Similarly, I would have hoped that chiropractors perceive an urgency to investigate the safety of their treatments. Serious complications after spinal manipulation are well documented, and I would have thought that any responsible health care profession would consider it essential to generate reliable evidence on the incidence of such events.

The fact that these two areas are not considered to be priorities is revealing. In my view, it suggests that chiropractic is still very far from becoming a mature and responsible profession. It seems that chiropractors have not learned the most important lessons from recent events; on the contrary, they continue to bury their heads in the sand and carry on seeing research as a tool for marketing.

Informed consent is generally considered to be an essential precondition for any health care practice. It requires the clinician giving the patient full information about the condition and the possible treatments. Amongst other things, the following information may be needed:

  • the nature and prognosis of the condition,
  • the evidence regarding the efficacy and risks of the proposed treatment,
  • the evidence regarding alternative options.

Depending on the precise circumstances of the clinical situation, patient’s consent can be given either in writing or orally. Not obtaining any form of informed consent is a violation of the most fundamental ethics of health care.

In alternative medicine, informed consent seems often to be woefully neglected. This may have more than one reason:

  • practitioners have frequently no adequate training in medical ethics,
  • there is no adequate regulation and control of alternative practitioners,
  • practitioners have conflicts of interest and might view informed consent as commercially counter-productive

In order to render this discussion less theoretical, I will outline several scenarios from the realm of chiropractic. Specifically, I will discuss the virtual case of an asthma patient consulting a chiropractor for alleviation of his symptoms. I should stress that I have chosen chiropractic merely as an example – the issues outlines below apply to chiropractic as much as they apply to most other forms of alternative medicine.

SCENARIO 1

Our patient has experienced breathing problems and has heard that chiropractors are able to help this kind of condition. He consults a ‘straight’ chiropractor who adheres to Palmer’s gospel of ‘subluxation’. She explains to the patient that chiropractors use a holistic approach. By adjusting subluxations in the spine, she is confident to stimulate healing which will naturally ease the patient’s breathing problems. No conventional diagnosis is discussed, nor is there any mention of the prognosis, likelihood of benefit, risks of treatment and alternative therapeutic options.

SCENARIO 2

Our patient consults a chiropractor who does not fully believe in the ‘subluxation’ theory of chiropractic. She conducts a thorough examination of our patient’s spine and diagnoses several spinal segments that are blocked. She tells our patient that he might be suffering from asthma and that spinal manipulation might remove the blockages and thus increase the mobility of the spine which, in turn, would alleviate his breathing problems. She does not mention risks of the proposed interventions nor other therapeutic options.

SCENARIO 3

Our patient visits a chiropractor who considers herself a back pain specialist. She takes a medical history and conducts a physical examination. Subsequently she informs the patient that her breathing problems could be due to asthma and that she is neither qualified nor equipped to ascertain this diagnosis. She tells out patient that chiropractic is not an effective treatment for asthma but that his GP would be able to firstly make a proper diagnosis and secondly prescribe the optimal treatment for her condition. She writes a short note summarizing her thoughts and hands it to our patient to give it to his GP.

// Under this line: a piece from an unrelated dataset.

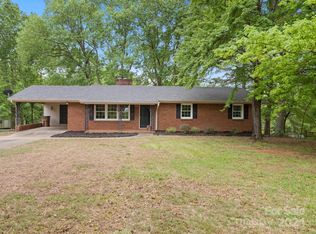 923 Lake Dr, Shelby, NC 28152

One could think of many more scenarios but the three above seem to cover a realistic spectrum of what a patient might encounter in real life. It seems clear, that the chiropractor in scenario 1 and 2 failed dismally regarding informed consent. In other words, only scenario 3 describes a behaviour that is ethically acceptable.

But how likely is scenario 3? I fear that it is an extremely rare turn of events. Even if well-versed in both medical ethics and scientific evidence, a chiropractor might think twice about providing all the information required for informed consent – because, as scenario 3 demonstrates, full informed consent in chiropractic essentially discourages a patient from agreeing to be treated. In other words, chiropractors have a powerful conflict of interest which prevents them to adhere to the rules of informed consent.

AND, AS POINTED OUT ALREADY, THAT DOES NOT JUST APPLY TO CHIROPRACTIC, IT APPLIES TO MOST OF ALTERNATIVE MEDICINE! IT SEEMS TO FOLLOW, I FEAR, THAT MUCH OF ALTERNATIVE MEDICINE IS UNETHICAL.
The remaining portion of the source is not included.